Only the pictures should be dropped; every line of the data must come back exactly as written.

*** Opening of Entries supplied ***

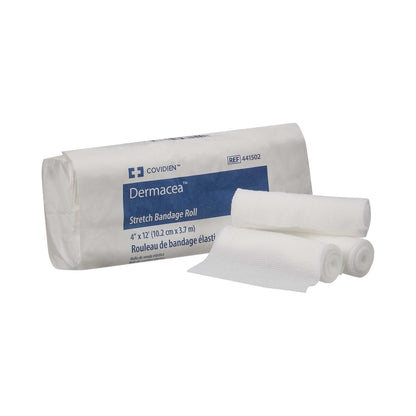 Dermacea Conforming Bandage 4 Inch x 4 Yard NonSterile Stretch Roll – 12 Pack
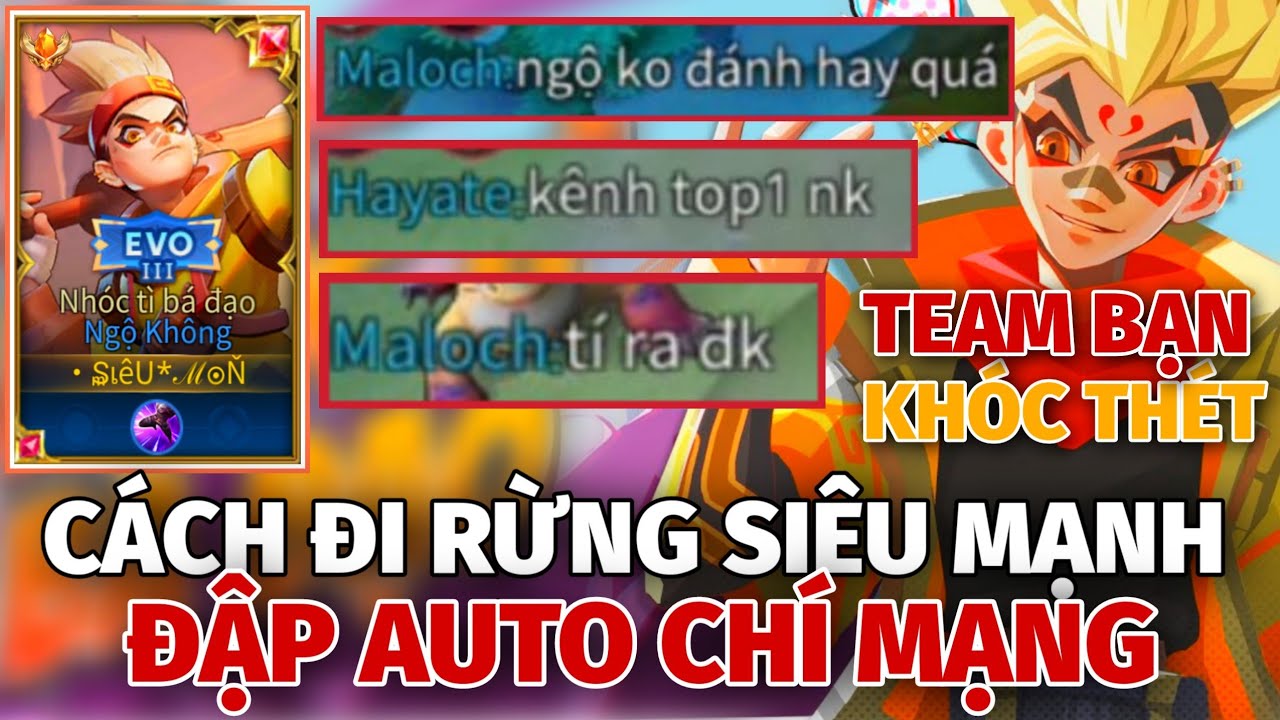 Ngộ Khỉ SHIPPER ĐI RỪNG Và Cách Combo Siêu Nhanh – Trang Bị Siêu Tối Ưu – Liên Quân Mobile S21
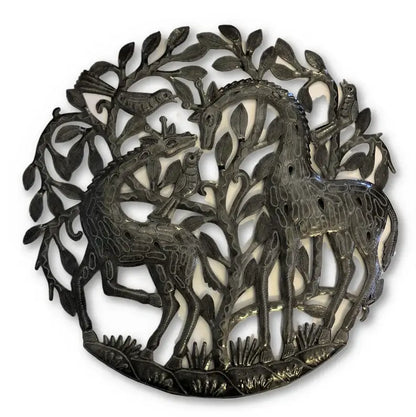 Haitian metal art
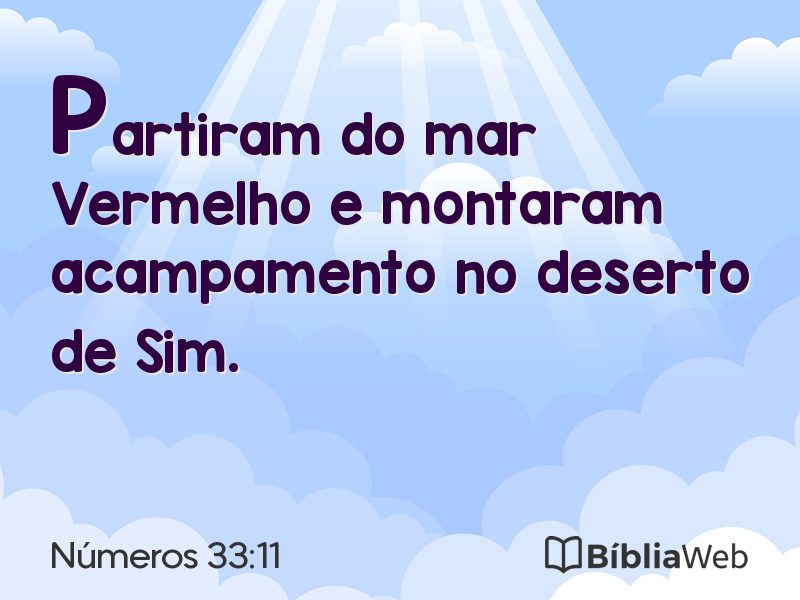 Números 33:11 em imagem para compartilhar
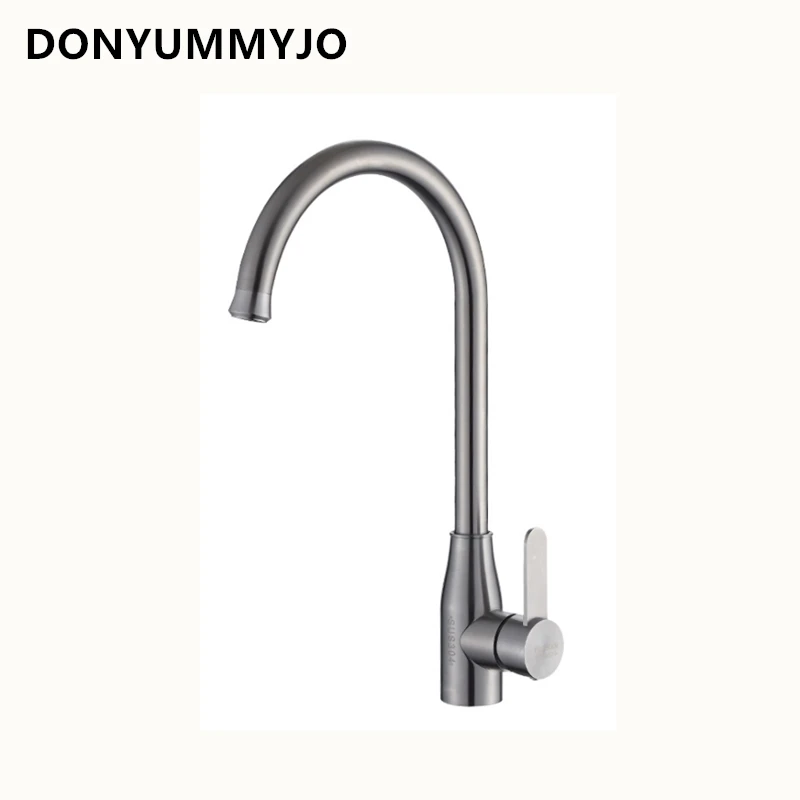 Wholesale 304 Stainless Steel Brushed Kitchen Sink Faucet Sink Hot And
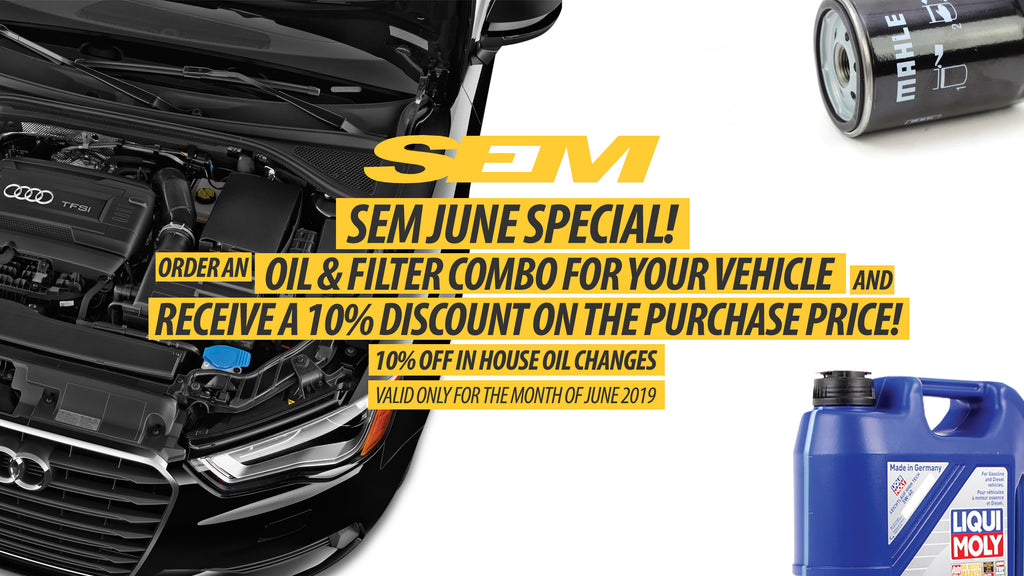Oil and Filter Special 10% Off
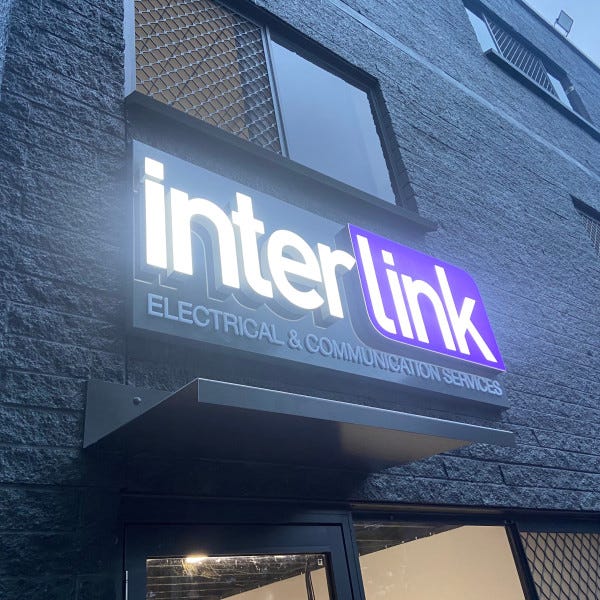 Interlink - Illuminated 3D Letters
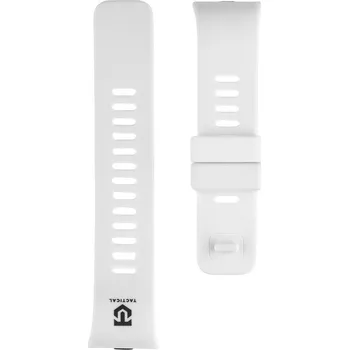 Tactical 843 Silikonový Řemínek pro Redmi Watch 4 White 8596311245695
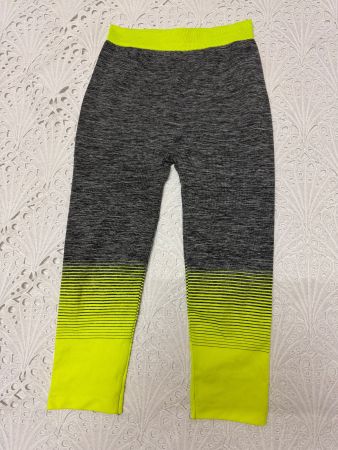 Damen Sport Leggings Gr S Neuwertig Grau Grün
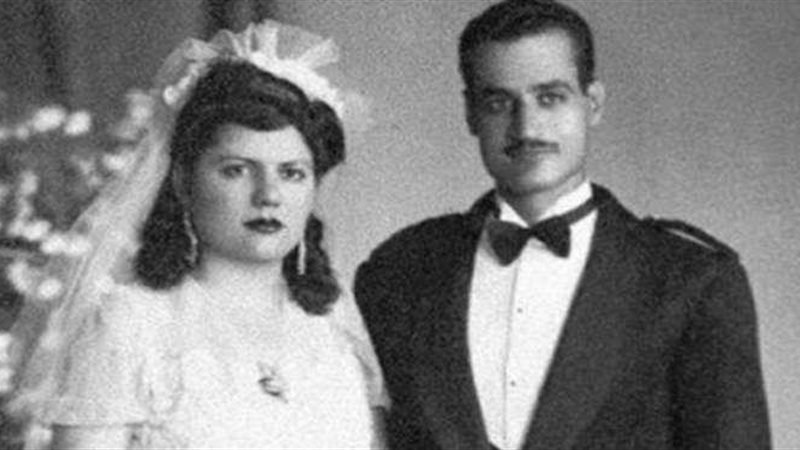 زفاف عبد الناصر وتحية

*** Close of Entries supplied ***

Reply to the exercise –
 Dermacea Conforming Bandage 4 Inch x 4 Yard NonSterile Stretch Roll – 12 Pack
 Ngộ Khỉ SHIPPER ĐI RỪNG Và Cách Combo Siêu Nhanh – Trang Bị Siêu Tối Ưu – Liên Quân Mobile S21
 Haitian metal art
 Números 33:11 em imagem para compartilhar
 Wholesale 304 Stainless Steel Brushed Kitchen Sink Faucet Sink Hot And
Oil and Filter Special 10% Off
 Interlink - Illuminated 3D Letters
 Tactical 843 Silikonový Řemínek pro Redmi Watch 4 White 8596311245695
 Damen Sport Leggings Gr S Neuwertig Grau Grün
 زفاف عبد الناصر وتحية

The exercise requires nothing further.